# Homework 6B - Visual Encoding
In this assignment, you will explore how to encode different data features to visual properties using the movies dataset located in `Datasets/movies.json`.

We will start with simpler visualizations and then move to more complex (and potentially cluttered) visualizations. Finally, you will create a focused visualization that uses only a few selected encodings.

## Instructions

The assignment is divided into three parts:

1. **Project Setup**:  

   - Set up your Python and Jupyter (or VSCode) environment.  

   - Clone or download the repository provided in class (refer to the class notes).

2. **Simple Visualizations:** Create basic visualizations using one or two encodings.

3. **Cluttered Visualization:** Create a visualization that encodes many features simultaneously.

4. **Focused Visualization:** Create one or more visualizations using a few chosen encodings, and discuss your design choices.

5. **Documentation**:  

   - Comment your code and add markdown explanations for each part of your analysis.

6. **Submission**:  

   - Save your notebook and export as either PDF or HTML. If the visualization is not shown in the html, submit a separated version with altair html. Refer to: https://altair-viz.github.io/getting_started/starting.html#publishing-your-visualization (you can use the `chart.save('chart_file.html')` method).
   - Submit to Canvas.



You are free to use any libraries you prefer for visualization, but we recommend using `matplotlib`, `seaborn`, and/or `altair` for this assignment.

   

Happy coding and visualizing!

In [None]:
import pandas as pd
import matplotlib.pyplot as plt
import seaborn as sns
import altair as alt

# If you're running in a notebook environment that limits rows for interactive charts:
alt.data_transformers.disable_max_rows()

# Read the dataset
df = pd.read_json("/content/movies.json")
df.head()

# Let's create a new column for the ratio of US Gross to Production Budget
df['US Gross to Production Budget'] = df['US Gross'] / df['Production Budget']


## Part 0: Simple Visualizations



In this section, you will build simple plots that use minimal visual encodings. This will help you get comfortable with basic mappings before adding complexity.

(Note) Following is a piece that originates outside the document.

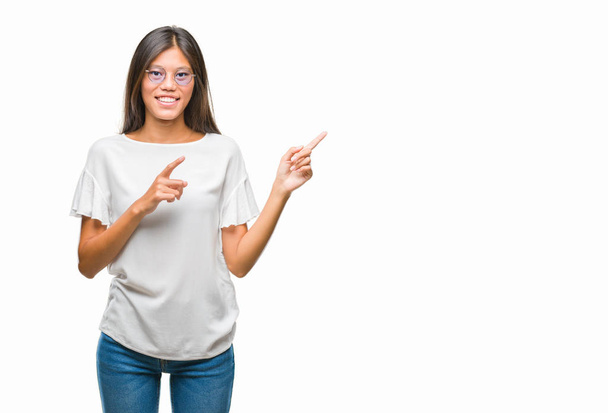 Giovane donna asiatica indossa occhiali su sfondo isolato sorridente e guardando la fotocamera che punta con due mani e le dita di lato
. - Foto, immagini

### Task 0.1: Simple Scatterplot

Create a basic scatterplot that maps:

- **x-axis:** `Production Budget`

- **y-axis:** `US Gross`



*Hint:* You can use:

- `plt.scatter()` from `matplotlib`

- `sns.scatterplot()` from `seaborn`

- `alt.Chart()` from `altair` with `mark_point()`



In [None]:
# Fill Code Here


### Task 0.2: Simple Bar Plot

Now, create a bar plot that shows the average `IMDB Rating` for each `Major Genre`.



*Hint:* You can use:

- `plt.bar()` from `matplotlib`

- `sns.barplot()` from `seaborn`

- `alt.Chart()` from `altair` with `mark_bar()`



In [None]:
# Fill Code Here


### Task 0.3: Another Simple Scatterplot

Create a basic scatterplot that maps:

- **x-axis:** `IMDB Rating`

- **y-axis:** `US Gross to Production Budget`



*Important*: `US Gross to Production Budget` is a ratio. Thus, you should use the logarithmic scale for the y-axis to better visualize the data.



*Hint:* You can use:

- `plt.yscale('log')` from `matplotlib` (also works with `seaborn`)

- `y=alt.Y('...').scale(type="log")` from `altair`



In [None]:
# Fill Code Here


### Task 0.4 : Another Simple Bar Plot

Create a bar plot that shows the average `US Gross to Production Budget` for each `Major Genre`.



Remember to use the logarithmic scale for the y-axis to better visualize the data.



What are the insights you can draw from this plot?

In [None]:
# Fill Code Here



Your comments and insights here:

Any interesting observations from any of the plots you created so far?

## Part 1: Intermediate Visual Encodings



Now that you have built simple plots, let's gradually add more visual encodings.



### Task 1.1: Adding Color

Extend one of the scatterplots from Tasks 0.1 or 0.3 by encoding:

- **Color** to `MPAA Rating`



*Hint:* You can use the `hue` parameter in `seaborn` or the `color` parameter in `matplotlib`.

*Note:* You can also use `alt.Chart()` with `encode(color='MPAA Rating')` for color encoding.



Complete the code cell below.

In [None]:
# Fill Code Here


### Task 1.2: Adding Size

Further extend the scatterplot by encoding another feature:

- **Size** to e.g. `Running Time min`, `IMDB Votes`



This adds another dimension to the plot. Fill in the code below.

In [None]:
# Fill Code Here


## Part 2: Cluttered Visualization

The next task is to create a visualization that encodes as many features as possible. Try mapping:



- **Color**

- **Size**

- **Shape/Marker**

- **Position**

- **Transparency (alpha)**

- **Any other visual property you can think of?**



*Note:* The goal is to demonstrate how quickly a visualization can become cluttered when too many encodings are used.

You are free to choose any combination of the above encodings. Do your worst!

Fill in the code below with your own choices for mappings.

In [None]:
# Fill Code Here


## Part 3: Focused Visualization



For the final part, create more visualizations that use only a few well-chosen encodings in each. For example, you might decide to just use 3 encodings (2 positions + color, or two positions + size, or color + size + shape).

- Map **color**

- Map **size**

- Use **position (X,Y)**



Create a few different visualizations maintaining x and y positions, but changing the color, size, or shape encodings, to showcase different aspects of the data.



You can also use redundant encodings, e.g., using both color and shape to represent the same feature.

This will help you focus on the most important aspects of the data without overwhelming the viewer with too much information.



After creating the visualization, write a brief discussion (just a few sentences) in the markdown cell that follows. Explain:

- Why you selected these specific encodings.

- How these choices improve interpretability.

- Any trade-offs involved in reducing the number of encoded features.

In [None]:
# Your code here


### Discussion



Please write your reflections here:



- Why did you choose the specific encodings for the focused visualization?

- How do the selected visual properties (color, size, position) help in understanding the data better?

- What improvements in clarity do you observe compared to the cluttered visualization?

- What trade-offs do you notice when reducing the number of encoded features?



Use this cell to provide a brief explanation of your design decisions.